LME copper +0.2% to $US5942 a tonne

2-year yield: US 2.54% Australia 1.83%

5-year yield: US 2.53% Australia 1.98%

10-year yield: US 2.70% Australia 2.30% Germany 0.23%


US-Australia 10-year yield gap: 40 basis points

From Today’s Financial Review

Banks push APRA on $75b debt burden

Economic ‘storm clouds’ ahead, PM warns

The motley crew picking the 10 best-in-show super funds

United States

Trump border wall: US government shutdown fix a line in the sand for conservatives: Donald Trump is snookered over his signature promise to supporters and is now contemplating an extreme fix to end a near-record government shutdown and fund his border wall.

Wall Street dipped slightly on Friday, breaking a five-session rally, as energy shares declined and investors looked ahead to earnings season, which kicks off next week with Citigroup, JPMorgan and other big banks.


The S&P 500 on Friday ended down just 0.01 per cent after recovering from a loss of 0.7 per cent earlier in the session.

Citigroup, which will report earnings on Monday, rose 0.4 per cent after agreeing to give shareholder ValueAct Capital more access to its books and board of directors.

JPMorgan Chase & Co, which reports on Tuesday, declined 0.5 per cent. Some bargain hunters are betting on a stronger 2019 for banks after the S&P 500 bank index fell 18.4 per cent in 2018.

Analysts expect S&P 500 companies’ earnings per share to grow by 6.4 per cent this year, compared with 23.5 per cent in 2018, when they were supercharged by newly enacted corporate tax cuts, according to IBES data from Refinitiv.

For the week, the S&P 500 rose 2.5 per cent, the Dow added 2.4 per cent and the Nasdaq picked up 3.4 per cent.

Netflix rose 4 per cent, bringing its gain in 2019 to 26 per cent, helped by analysts’ optimistic forecasts for subscriber growth ahead of its earnings this week.


European shares closed higher on Friday after hitting one-month highs as investor appetite for assets considered risky remained firm, despite caution over trade and ahead of earnings season.


The pan-European STOXX 600 ended 0.1 per cent higher on its fourth straight day in the black – its longest winning streak since November.

But Frankfurt, Paris and London all ended in negative territory.

China-sensitive autos and parts suppliers led the falls, down 1 per cent. Valeo dropped 6.4 per cent, the biggest faller on the CAC 40, while Continental and Volkswagen were among the biggest DAX decliners.

Still in the first full trading week of 2019, the STOXX 600 gained 1.7 per cent as investors regained their appetite for risk.

Equity funds drew inflows of $US6.2 billion, the biggest in 11 weeks, BAML said.
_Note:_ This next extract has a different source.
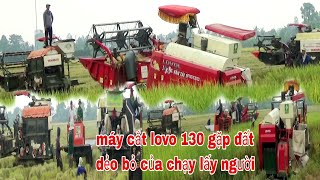 QUAY MÁY CẮT LÚA LOVO 130 LẦY ĐẤT DẺO PHẢI BỎ CỦA CHẠY LUÔN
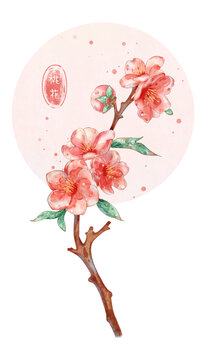 桃花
What Chinese consumers want: As a trade war with the United States threatens to upset decades of economic growth and with nationalism on the rise, tastes in the world’s biggest consumer market are changing fast.

Shares in Hong Kong ended higher on Friday on signs of progress in Sino-US trade negotiations and as US Federal Reserve Chairman Jerome Powell reiterated that the Fed would be patient about interest rate hikes.


At the close of trade, the Hang Seng index was 0.6 per cent higher at 26,667.27 points. The Hang Seng China Enterprises index rose 0.6 per cent to 10,454.95.

US Treasury Secretary Steven Mnuchin said Thursday that Chinese Vice Premier Liu He will “most likely” visit the US capital later in January for trade talks.

China’s main Shanghai Composite index closed up 0.7 per cent at 2553.83 points, while the blue-chip CSI300 index ended up 0.7 per cent.

Around the region, MSCI’s Asia ex-Japan stock index was firmer by 0.3 per cent, while Japan’s Nikkei index closed up 1 per cent.


The US dollar rose against the euro on Friday, boosted by technical factors after the single currency hit key resistance levels, even as the greenback’s outlook remained bleak amid cautious signals from the Federal Reserve about further rate hikes.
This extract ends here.